EpochDB is an ACID-compliant agentic memory engine designed for lossless, tiered verbatim storage and multi-hop retrieval.

Why

I had this idea while playing with LMDB. I wanted to create a memory system that could store conversations in a hybrid way, using in-memory for the most recent conversations and on-disk for older conversations. So, in order to have immutable data, I decided to use Parquet files for the on-disk storage.

Overview

Traditional AI memory systems compress conversations through destructive summarization. EpochDB bypasses this constraint by storing "Unified Memory Atoms"—the raw text intrinsically paired with dense embeddings.
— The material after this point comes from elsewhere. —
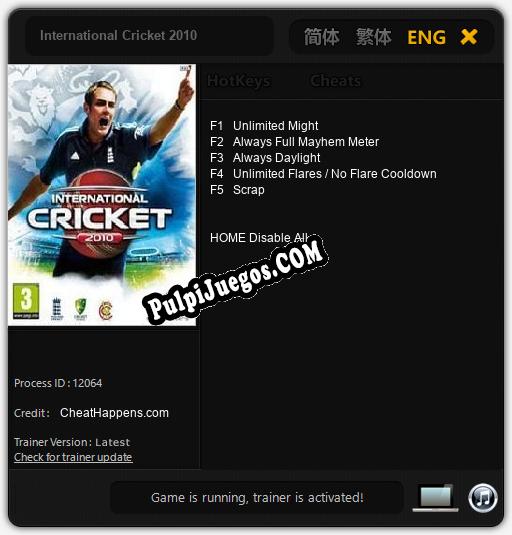 International Cricket 2010: Cheats, Trainer +5 [CheatHappens.com]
EpochDB uses a tiered architecture reminiscent of CPU caching:

  1. L1: Working Memory: Sub-millisecond HNSW vector index in RAM.
  2. L2: Historical Archive: Cold storage in immutable, time-partitioned .parquet files via PyArrow, leveraging int8 Scalar Quantization and Zstd Compression for a massive reduction in disk footprint.
  3. Asynchronous Ingestion: Ingestion occurs via daemon threads, preventing I/O bottlenecks and ensuring smooth agent responsiveness.

It uniquely handles multi-hop retrieval over time-partitioned data using a Global Entity Index.

Architecture at a Glance

graph LR
    A[Agent] -->|Retrieve| B(EpochDB Engine)
    subgraph "Reasoning Core"
        B --> C{Semantic Search}
        B --> D{Relational Expansion}
        C & D --> R{Hybrid RRF Ranking}
    end
    C & D --> E[Working Memory - RAM]
    C & D --> F[Historical Archive - Parquet + Zstd]

Installation

pip install epochdb

Quickstart: LangGraph + EpochDB

Integrate EpochDB into your LangGraph workflows to provide agents with perfect, multi-hop memory that persists across lifetimes.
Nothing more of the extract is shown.